Missing Data

Missing data is common in epidemiology studies, and always observed in longitudinal studies. Inadequate handling of missing data may cause bias or lead to inefficient analyses.  If an estimate is incomplete, we can remove it without introduce bias. If a variable is heavily missing, it may be appropriate to remove the variable then remove all incomplete records. 
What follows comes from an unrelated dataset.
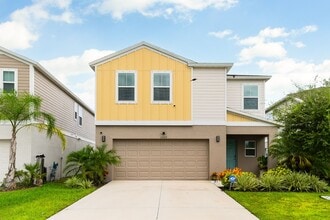 Building Photo - Stunning, Pet-Friendly, 4 Double bedroom, 2.5 Bathroom Home in Crosswind Point, Parrish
 There is a difference between missing and "unknown" data. Ex. someone refusing to report income on a survey would be considered  missing, but an individual who has no preference between republican and democrat candidates may be considered a new category of "do not know". 

 Missing Data Mechanisms 

 The way to analyze incomplete data depends on the underlying missing data mechanisms. Ex. Is the missing data the same between males and females? Are values which are higher or lower more likely to be missing? 

 

 Missing completely at random (MCAR): No systematic differences between the missing values and the observed values.

 

  Ex. Blood pressure measurements missing because of a broken tool 

 In this case, the missing data mechanism is ignoreable, and missing data for the outcome can be ignored 

 

 

 Missing at random (MAR): Any systemic difference between the missing values and the observed values can be explained by differences in observed data.

 

 Ex. Missing blood pressure measurements may be lower than those measured because younger people are more likely to be missing measurements. 

 

 

 Missing not at random (MNAR): Even after the observed data are taken into account, systematic differences remain between the missing values and the observed values.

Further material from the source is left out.